■ YOUR ASSIGNMENT ■
Send back the records exactly as written, with no images.

** GIVEN INFORMATION follows **

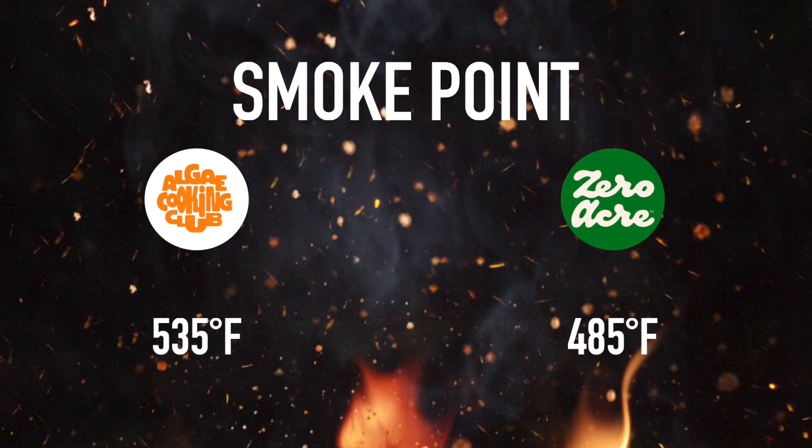This is the highest smoke point oil at 535 degrees Fahrenheit. In comparison, the Zero Acre cultured oil is 485 degrees. I've put locations where you can find it on the tasting map.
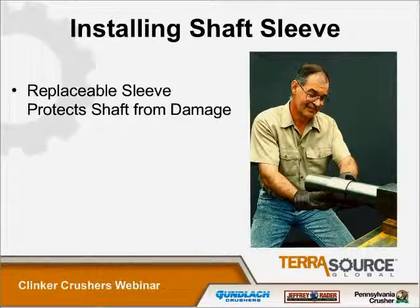What you see here is a picture of the replaceable sleeve that can be added and removed to protect the shaft from damage. It usually erodes from abrasion and corrodes from the pH levels of the slurry that's going through it. Again, it was designed with an eye towards ease of maintenance and longevity of the machine, enabling you to rebuild the pieces that are necessary and continue to use as many pieces of the existing machine as you can.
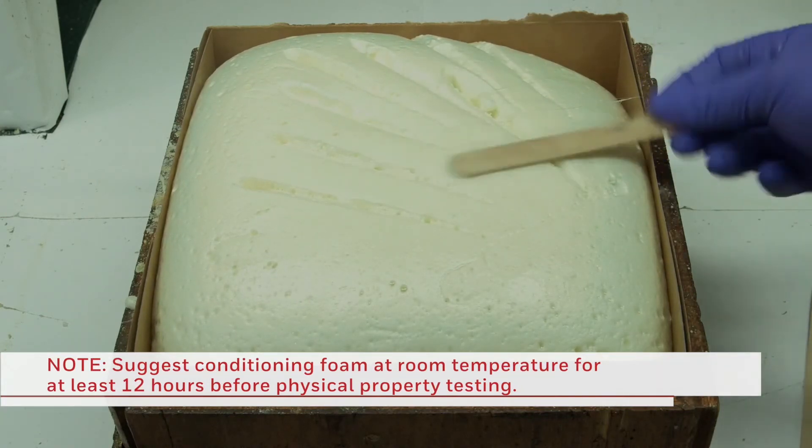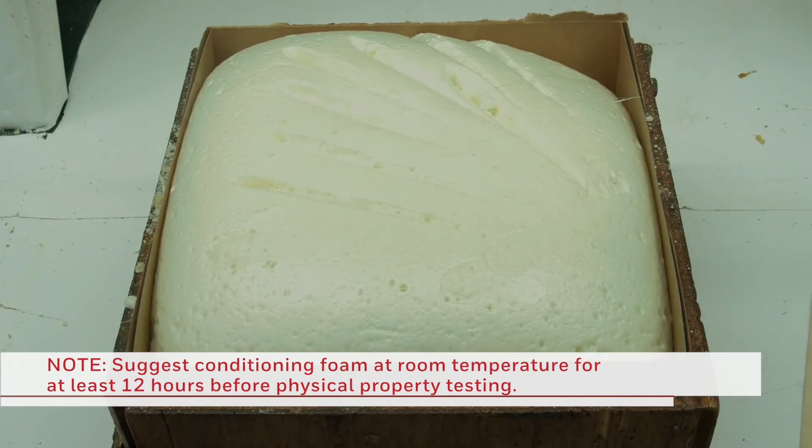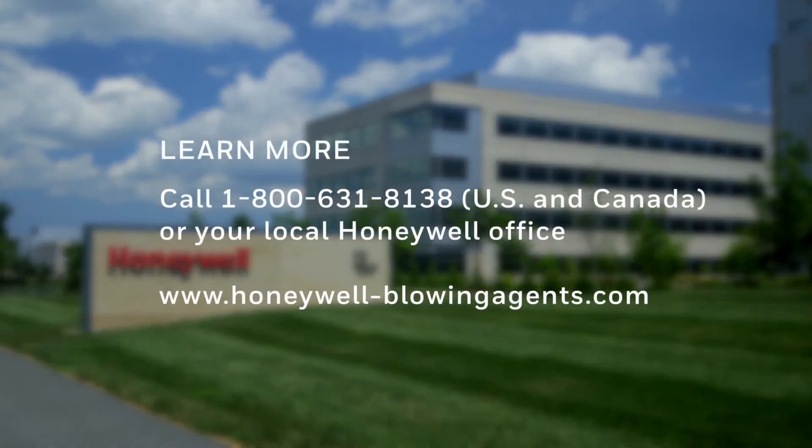It is suggested that the foam be conditioned at room temperature for at least 12 hours before it is cut for physical property testing. If you have any questions about Honeywell blowing agents or this process, please contact your Honeywell representative.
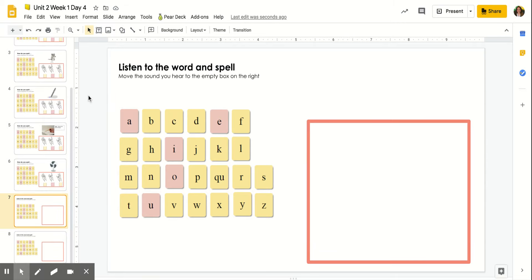Okay, so the first word I'm going to give you: wet, wet. You can pause here and spell, and then play it again for the next word.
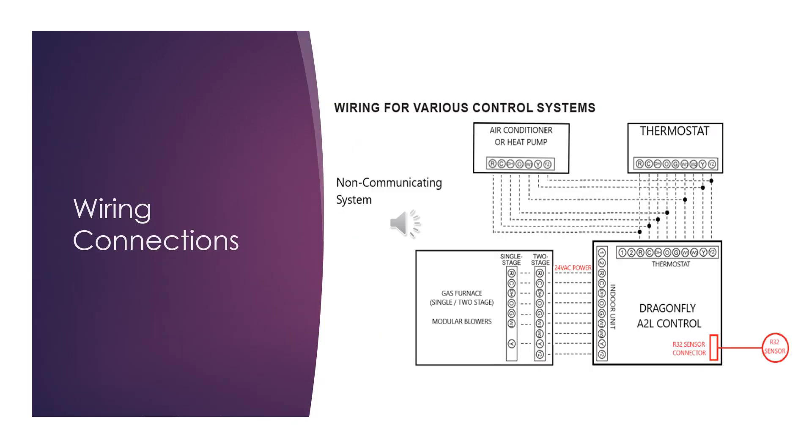In the manual you will find a variety of different wiring configurations. This one we have listed here is probably the most common: a 24-volt thermostat with an air conditioner or heat pump and either a single or two-stage gas furnace and/or modular air handler.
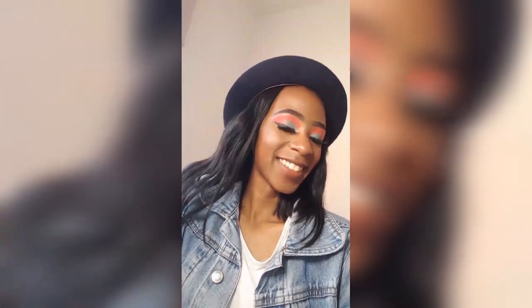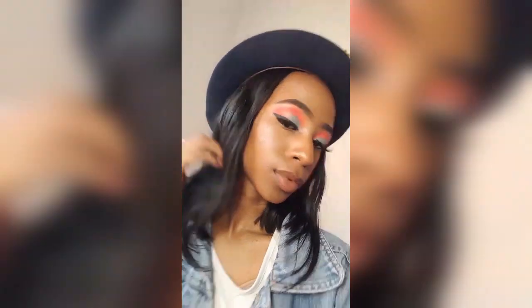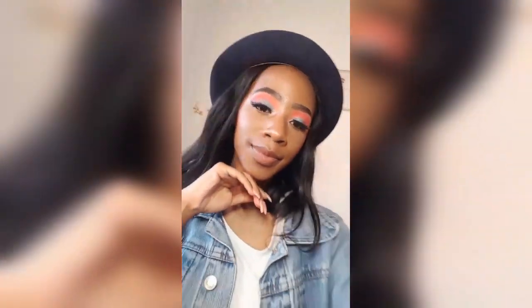So guys, I went ahead and did my full makeup. Enjoy this video of me looking good! I'll show you how it lasted on my next video, and if you want to see this full look, then watch my next video. Thank you!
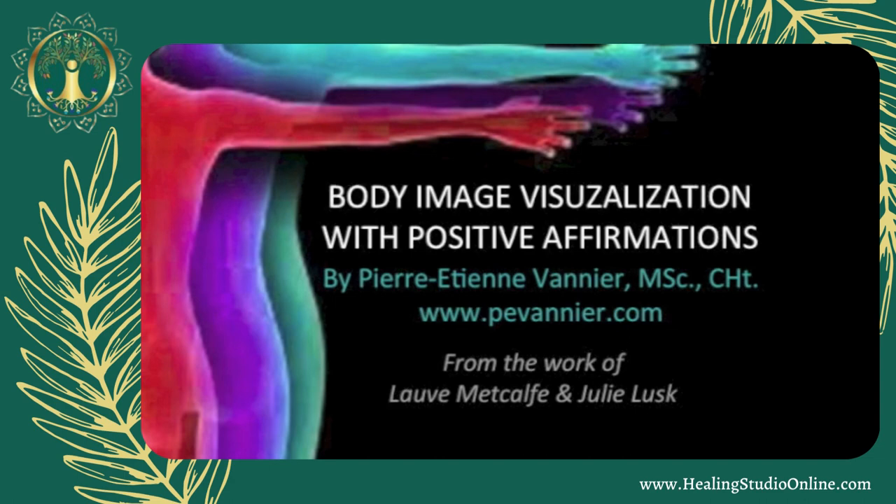Now focus your attention on your body — all the different parts of your body — just noticing what you're aware of without any judgment, without any criticism. In a few moments I'm going to invite you to begin to do a body check that will bring you in touch with your physical body and create an awareness of your body parts.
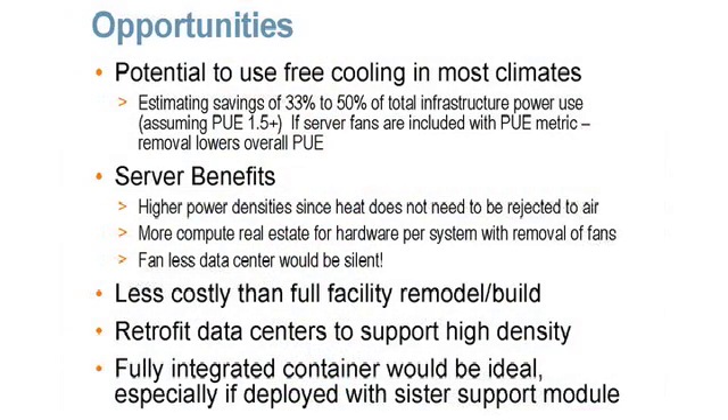Server benefits: because there are no fans — the idea being to remove the fans — that leaves more real estate within the server box, so you can get higher density. Because you're removing the heat right at the place where heat is produced, you can get higher density in terms of computing power, more RAM, and more of the things that get hot inside a server.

** End of GIVEN INFORMATION **

■ RESULT ■
This is the highest smoke point oil at 535 degrees Fahrenheit. In comparison, the Zero Acre cultured oil is 485 degrees. I've put locations where you can find it on the tasting map.
What you see here is a picture of the replaceable sleeve that can be added and removed to protect the shaft from damage. It usually erodes from abrasion and corrodes from the pH levels of the slurry that's going through it. Again, it was designed with an eye towards ease of maintenance and longevity of the machine, enabling you to rebuild the pieces that are necessary and continue to use as many pieces of the existing machine as you can.
It is suggested that the foam be conditioned at room temperature for at least 12 hours before it is cut for physical property testing. If you have any questions about Honeywell blowing agents or this process, please contact your Honeywell representative.
Okay, so the first word I'm going to give you: wet, wet. You can pause here and spell, and then play it again for the next word.
In the manual you will find a variety of different wiring configurations. This one we have listed here is probably the most common: a 24-volt thermostat with an air conditioner or heat pump and either a single or two-stage gas furnace and/or modular air handler.
So guys, I went ahead and did my full makeup. Enjoy this video of me looking good! I'll show you how it lasted on my next video, and if you want to see this full look, then watch my next video. Thank you!
Now focus your attention on your body — all the different parts of your body — just noticing what you're aware of without any judgment, without any criticism. In a few moments I'm going to invite you to begin to do a body check that will bring you in touch with your physical body and create an awareness of your body parts.
Server benefits: because there are no fans — the idea being to remove the fans — that leaves more real estate within the server box, so you can get higher density. Because you're removing the heat right at the place where heat is produced, you can get higher density in terms of computing power, more RAM, and more of the things that get hot inside a server.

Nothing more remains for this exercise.